* Instructions to follow: Each line in the material below, starting at the one with "Simple composition of" and ending at the one with "Silpada 925 Sterling", is to be reproduced exactly; no picture is to be copied.

* Data:
★ ★ ★

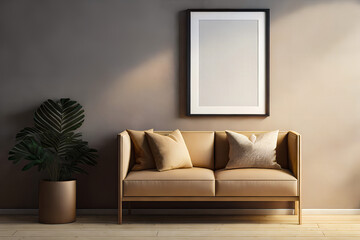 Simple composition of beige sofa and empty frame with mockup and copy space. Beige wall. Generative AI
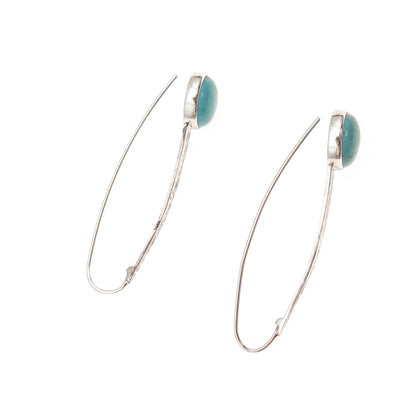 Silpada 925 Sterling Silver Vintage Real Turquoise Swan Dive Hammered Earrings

★ ★ ★

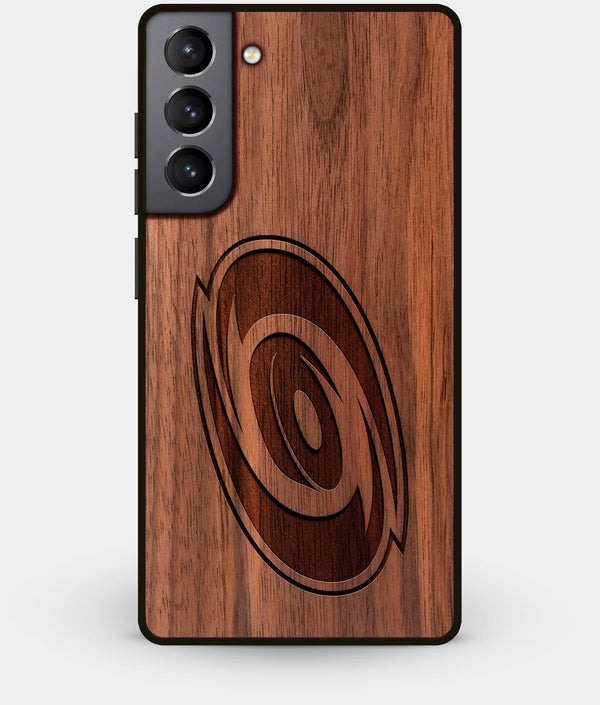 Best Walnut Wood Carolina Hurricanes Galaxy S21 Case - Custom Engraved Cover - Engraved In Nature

★ ★ ★

* Answer:
 Simple composition of beige sofa and empty frame with mockup and copy space. Beige wall. Generative AI
 Silpada 925 Sterling Silver Vintage Real Turquoise Swan Dive Hammered Earrings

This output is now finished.